Data excerpt.
=-=-=-=-=
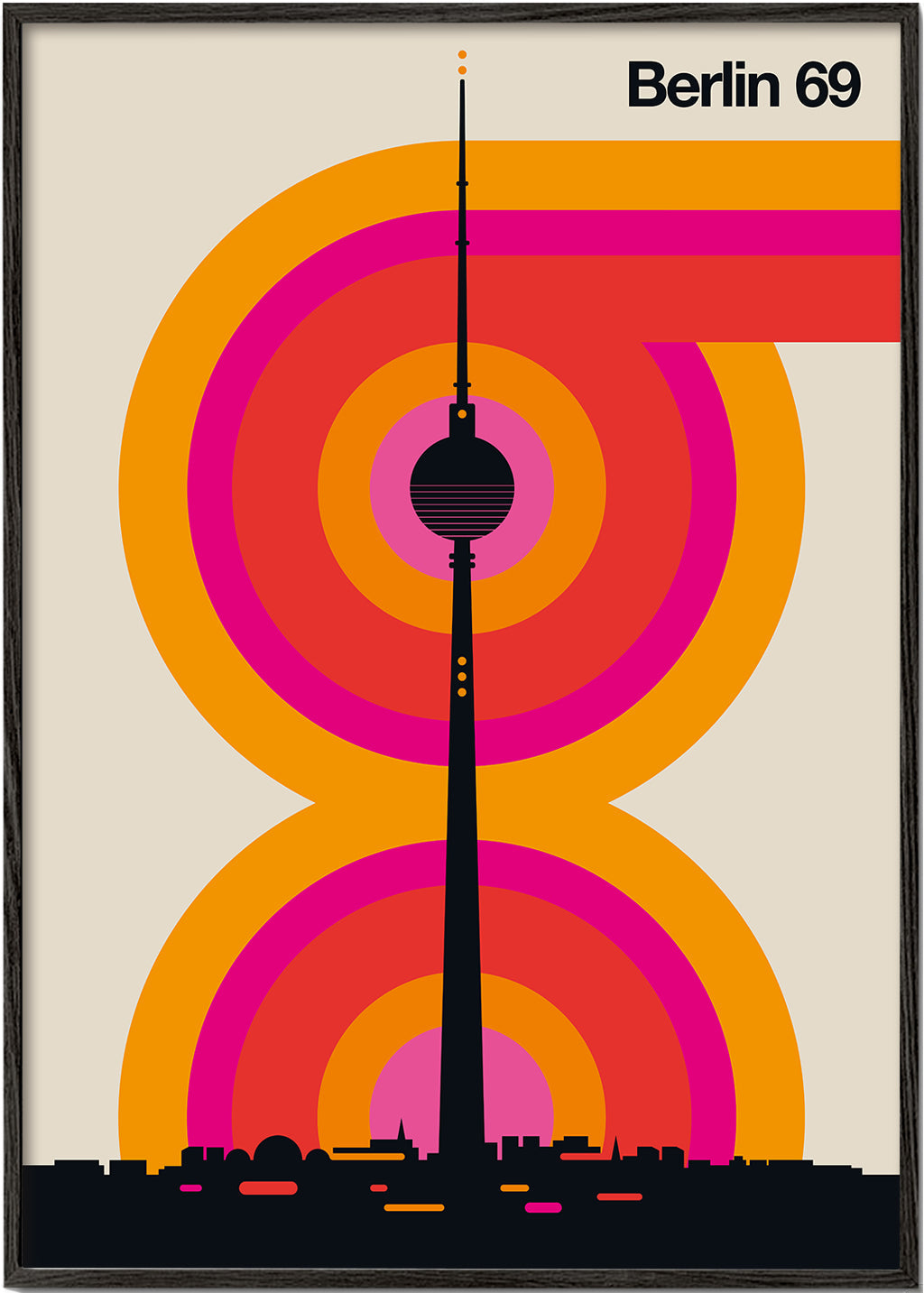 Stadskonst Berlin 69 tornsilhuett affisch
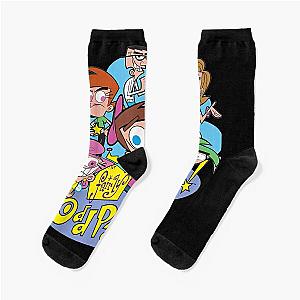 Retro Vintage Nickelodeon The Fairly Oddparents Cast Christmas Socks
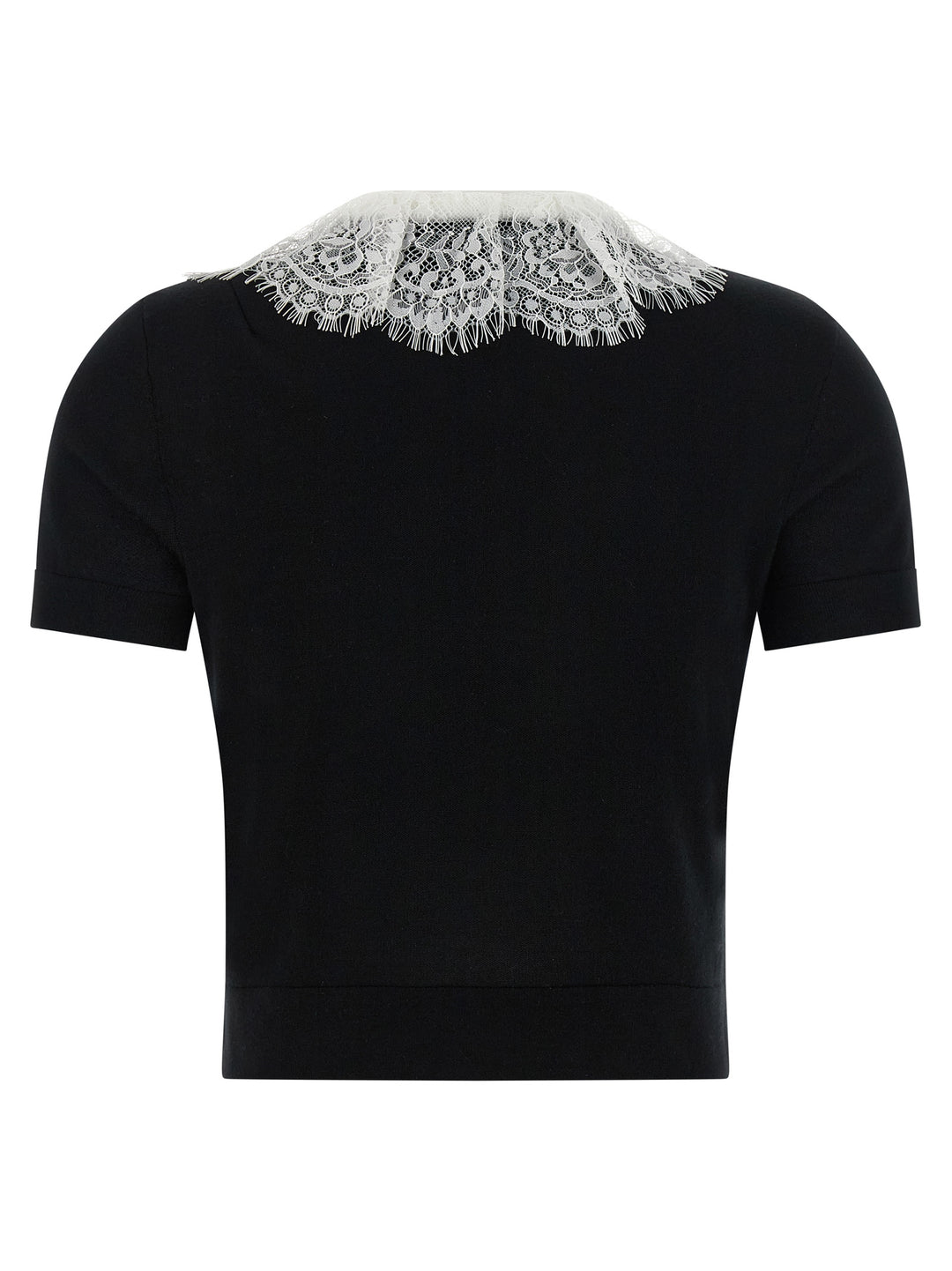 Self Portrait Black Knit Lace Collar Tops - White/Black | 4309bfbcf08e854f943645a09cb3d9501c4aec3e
=-=-=-=-=
Would you set down the material exactly as it stands, without the pictures?

Response to this task.
 Stadskonst Berlin 69 tornsilhuett affisch
 Retro Vintage Nickelodeon The Fairly Oddparents Cast Christmas Socks
 Self Portrait Black Knit Lace Collar Tops - White/Black | 4309bfbcf08e854f943645a09cb3d9501c4aec3e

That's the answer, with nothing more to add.